I know there are 7 indeterminate forms as follows- $$0^0$$ $$1^{\infty}$$ $${\infty}^0$$ $$\frac{0}{0}$$ $$\frac{\infty}{\infty}$$ $$0\cdot\infty$$ $${\infty}-{\infty}$$
I cant help but wonder if these are also indeterminate- $$(-1)^{\infty}$$ $$1^{-\infty}$$ $$({-\infty})^0$$
If these are not indeterminate forms can someone give an explanation regarding this dilemma ?
On
As for $1^{-\infty}$, you simply treat it as $$\frac{1}{1^{\infty}}$$ and proceed as usual.

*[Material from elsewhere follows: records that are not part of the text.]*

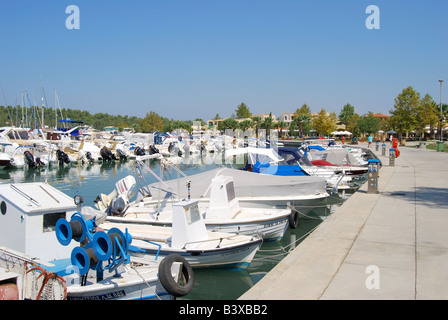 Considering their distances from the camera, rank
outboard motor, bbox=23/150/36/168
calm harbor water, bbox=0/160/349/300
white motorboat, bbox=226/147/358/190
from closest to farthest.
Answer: calm harbor water, bbox=0/160/349/300 → white motorboat, bbox=226/147/358/190 → outboard motor, bbox=23/150/36/168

Treating $(-1)^{\infty}$ and $(- \infty)^0$ is delicate, though. Look at definitions of exponential: have you ever defined $a^b$ for negative $a$? The answer is: yes, but only when $b$ is an integer. In particular, if $b$ is a quantity apporaching to $0$ (but $b \neq 0$), the symbol $$a^b$$ is not defined. Let's make an example: $$\left( 1+ x \right)^{1/x}$$ is not defined for $x < -1$, so it does not make sense to consider its limit as $x \to - \infty$. In general, the following forms actually do not make sense: $$(- \infty)^0 , (-1)^0 , (-2)^0, (-53)^{\pi}, (-3)^{1/4}$$ and so on. I'm not saying that these are indeterminate forms, but simply that they do not make sense: you will never find them, as you will never find someone asking you "what is the volume of $4$".
Some of them are easily seen to reduce to the old ones
$$\begin{cases}1^{-\infty} = (1^{-1})^\infty=1^\infty \\ (-\infty)^0=(-1)^0(\infty^0) = \infty^0 \end{cases}$$
Based on your comments on the original post I chose the interpretation you said in the comments. $(-1)^\infty$ does not exist since if you're taking a limit on continuous things you cannot pass through non-integer values, and even if you could the way you show $1^\infty$ is an indeterminate form is because you do $\log$ to it, and you cannot do $\infty\cdot\log(-1)$ since log is not defined on negatives.